C++ pointer must be integer, and it is a memory address of an object. I want to know where a C++ compiler and runtime count the address from ?

Thanks,,
lzzzz

Answer
They do not count them from anywhere specifically as standard.

What memory addresses are available to a process and how they are specified, and for what sort of memory depends totally on the processor and operating system (or, the raw system design if there is no operating system), and the tools/formats in use (compilers, linkers, object code formats etc.).

Note that there are three types of memory generally used by a program:

static memory, that the compiler knows about and can arrange to have allocated when a program is started

stack based memory that is local to a function call stack frame and would usually use the process application stack (note: having a separate system stack is common in operating systems)

dynamic memory that the compiler does not quantify and is allocated at runtime from the free store (or heap).

Each of these can be allocated in totally different locations.

For example, on a 16-bit Intel x86 operating system such as MS-DOS (if you can call it an operating system) you could choose the memory model used. Some models used one 64KB segment for all data: the stack memory grew down from the top of the segment, the static memory was presumably wired in at the bottom and the dynamic memory would presumably use the bit left over in the middle. Where this 64KB (or smaller) block was in memory would depend on what else was loaded into the system - segments were allocated on 16 byte boundaries if I member correctly. The compiler of course had control on how much static data was used and I think the linker could control the amount of stack space to use within this segment, and addresses would be 16-bit near address values within this segment, presumable starting at zero.

On the other hand other models would allow multiple 64KB segments to be used for data. In this scheme I would guess stack uses up to one 64KB segment, static data uses one or more pre-determined segments and dynamic memory would come from one or more 64KB segments as required at runtime and allocated by asking for them from the operating system (I forget the exact details). The pointers would use 32-bit far pointers (having two 16 bit parts: 16-bit segment address and 16-bit segment offset). Here no pointer would be truly zero (0000:0000) - this address would almost certainly be part of the system - either the BIOS or MS-DOS. However the compiler may generate addresses starting from 0000:0000 and expect the linking and loading process to fix up the segment part of the addresses to something usable when the program was run.

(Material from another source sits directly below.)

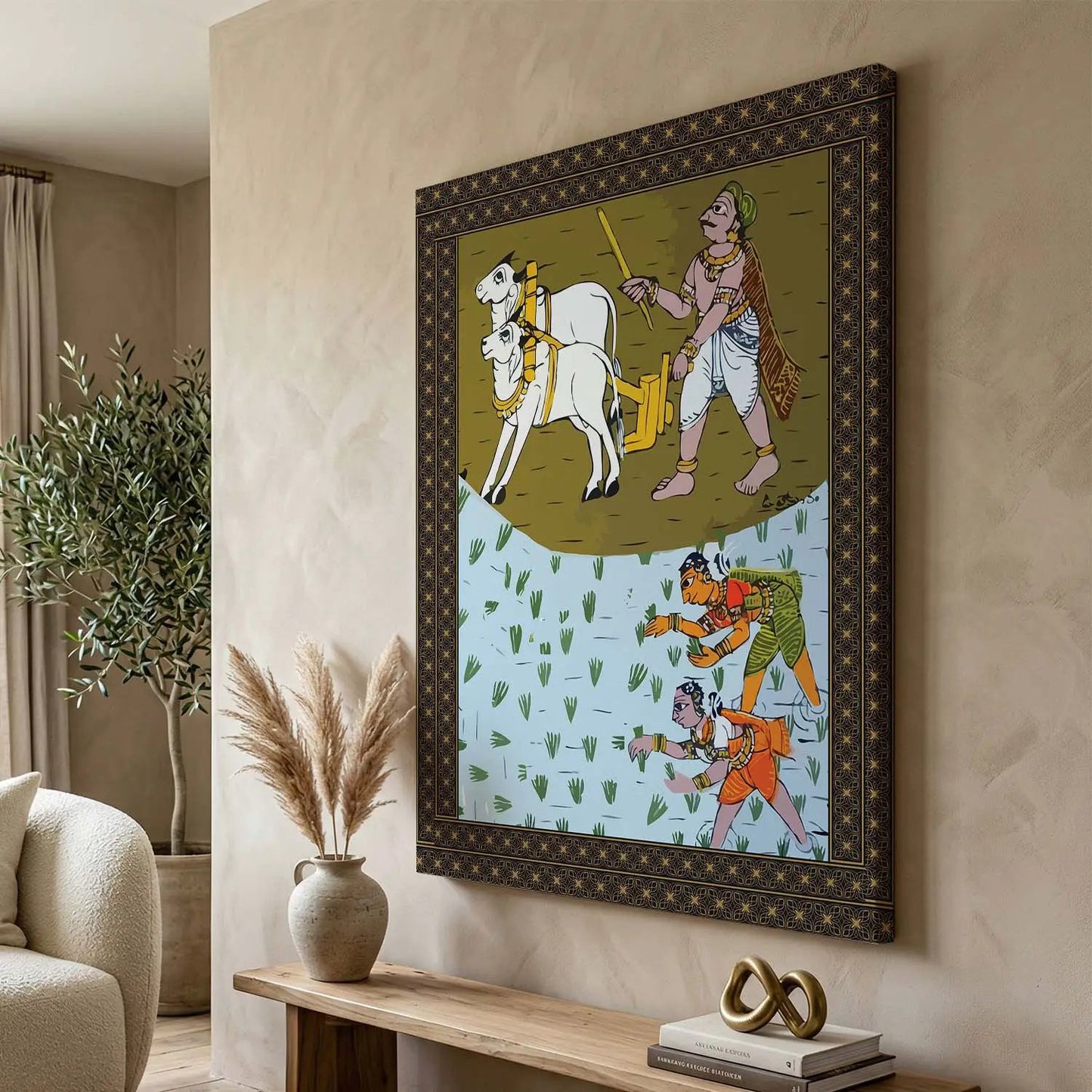 Traditional Inidan Folk Art -  Cheriyal scroll Canvas Art Prints For Home Decor Wall Decor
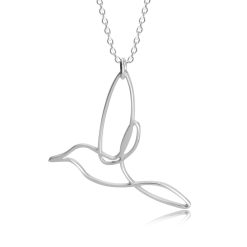 Linienkunst Kolibri Halskette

Many years ago I used mini computers - a Prime 50 series, running Primos, the proprietary operating system for Pr1me Computer 50 series machines. This OS allocated memory for processes such that the lower portion was common to all processes (the operating system code and the like) and the higher section was used by application code. Hence I would not expect a compiler to necessarily generate values starting from zero here either (and the Primes also a segmented memory scheme!). I also remember something about some weird offset of 400 octal or similar that confused things when looking at memory map files and trying to determine where things had gone wrong!

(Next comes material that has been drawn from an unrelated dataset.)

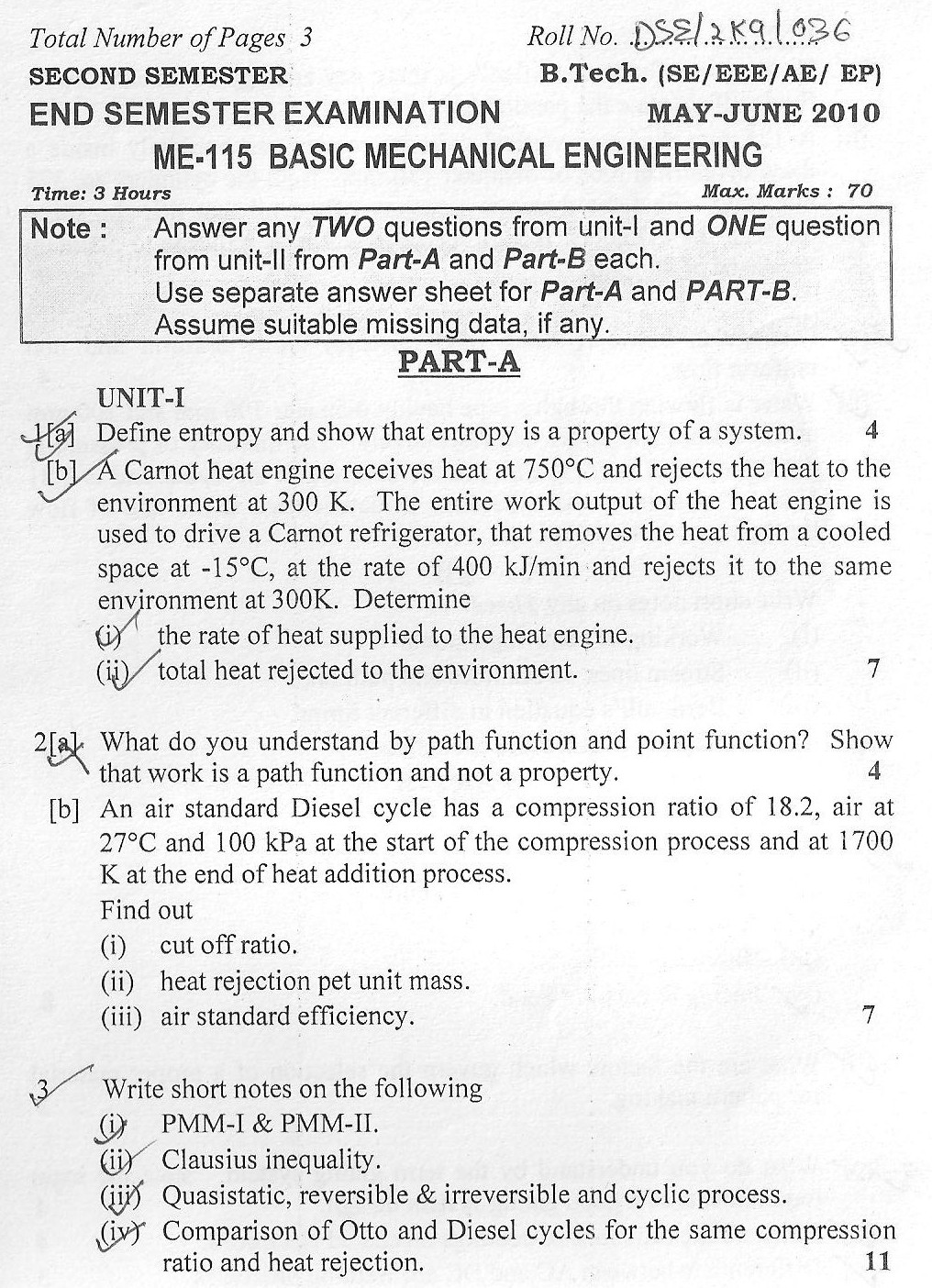 DTU Question Papers 2010 – 2 Semester - End Sem - ME-115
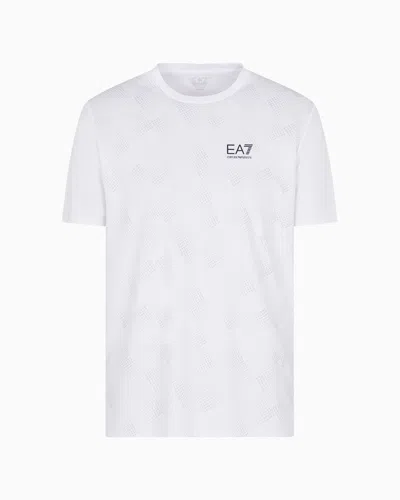 Ea7 Tennis Pro Crew-neck T-shirt In Ventus7 Technical Fabric In White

Even a null memory value, although convertible from zero in C++, may not be a bit pattern of all zero bits in reality. I have a vague feeling that this may apply to Primos and that odd 400 octal offset but honestly cannot remember now - it was back in the mid to late 1980s...

Often a compiler might use an offset rather than an actual address. This is especially true of local data in function calls - they tend to be referred to from the stack frame base plus or minus an offset. This stack frame base address is saved, usually in a register, often one for this specific purpose, on entry to the function's code.

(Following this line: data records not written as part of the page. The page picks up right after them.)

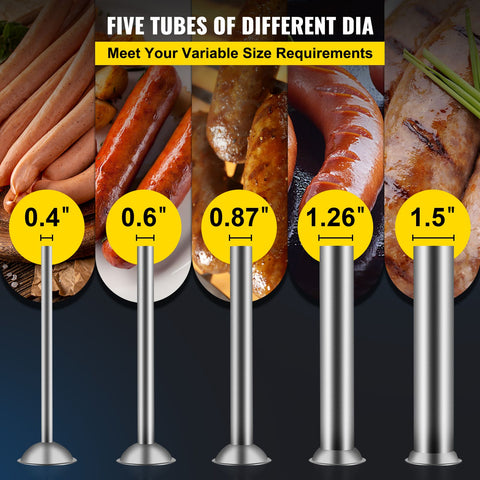 Manual Sausage Stuffer, 5 L / 11 LBS Horizontal Sausage Machine, Dual-Speed Meat Stuffer, Made of Food-Grade 304 Stainless Steel, Includes 5 Stuffing Tubes, for Home Kitchen Restaurant Commercia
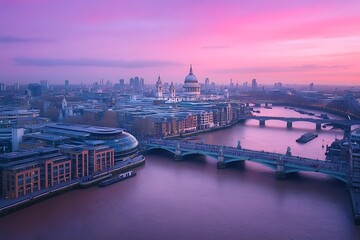 Canvas Print - Long exposure photograph of St. Paul's Cathedral and the Millenium Bridge, London, at sunset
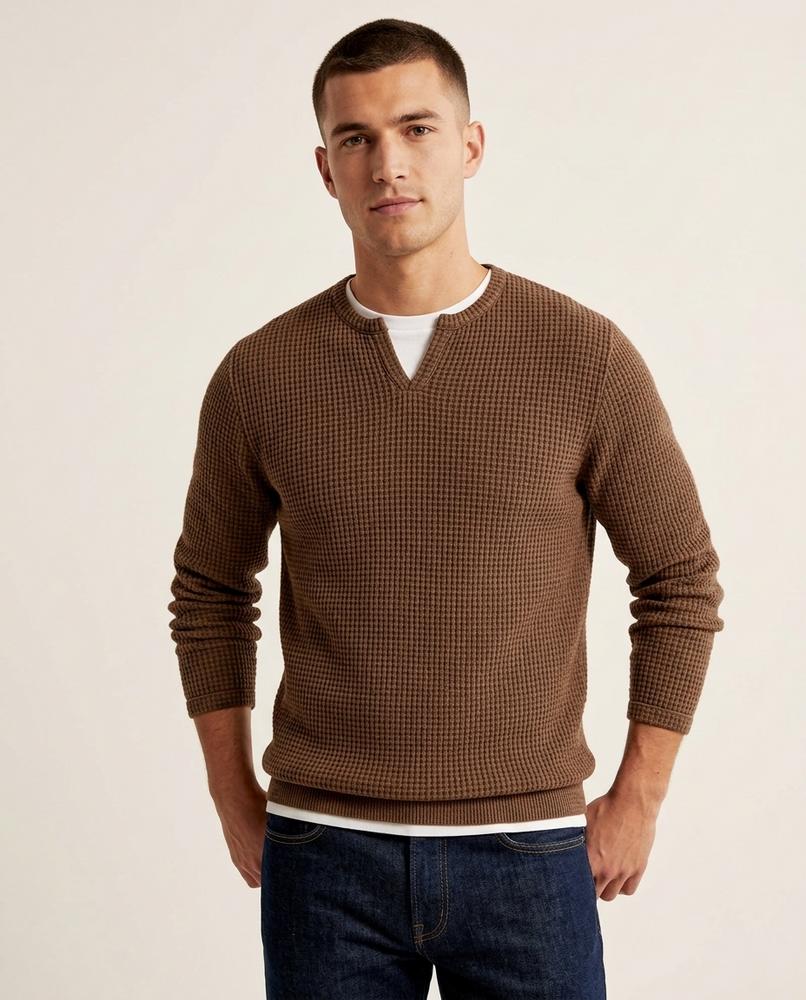 Lands Mode - Nilan | Langärmliger Waffelstrick Pullover Herren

It should be noted that dynamic memory obtained from the free store (or heap) is C++ runtime support specific and will depend of the operating system and compiler, and possibly on third party add-ons such as SmartHeap http://www.microquill.com/index.html (which might be used to improve performance particularly in multithreaded applications over the compiler supplied heap support), so the memory addresses obtained dynamically are going to be very compiler, platform and possibly runtime heap support/library specific.

I should also point out that certain pointer types may contain additional information to the memory address. A pointer to char in particular may be larger than a pointer to other types. This is because on some systems the unit addressed is larger than a byte (Prime 50 series mini computers for example used 16-bit words rather than being byte addressed). In such systems additional information is required to specify which part of a multi-char word at an address is being referenced by a pointer to char (the other option I suppose would be to make a char the same size as an addressed word). If an address addresses a 16-bit word and characters are 8-bits in size then an additional bit would be needed to specify either the high or low 8-bits of an addressed word. However it is probably that a pointer to char would be twice the size of other pointers just to maintain decent word-alignment in memory. Processors have rules about data and alignment - sometimes you pay a time penalty if the data is mis-aligned and sometimes the processor faults (i.e. you program will crash) - depends on the processor type.

The other pointer type that is larger than a usual pointer is not really a pointer at all in the usual sense. That is a pointer to member. Such pointers need to be combined with an object's address to form a pointer to the member for a specific object, so they are more like offsets from an object base address to a member inside it. The problems come when the pointer to member is a pointer to a member function. In such cases information on the function's virtualness and multiple inheritance etc. need to be kept. See for example http://linuxquality.sunsite.dk/articles/memberpointers/ for more information.

Finally, code generated by a compiler may be position independent, or position dependent but fix-up-able, such that the actual position in the executable output from a linker may not be the same as that in the object code output by the compiler. Similarly, the executable may contain position independent code or have information that allows all addresses to be fixed up during loading of the executable. This occurs if the pre-built location is already in use and occurs most often when dynamically linked (or shared object) libraries are mapped into a process and two or more request loading at the same base address. Obviously re-basing all addresses takes time and so it is to be avoided if possible by selecting base addresses that are not thought to be required for other libraries mapped into an applications process. Such details come into the optimisation phase of development and require the use of linker options and tools such as the MS EDITBIN utility with the /REBASE option which can be used with object files, application executables and dlls.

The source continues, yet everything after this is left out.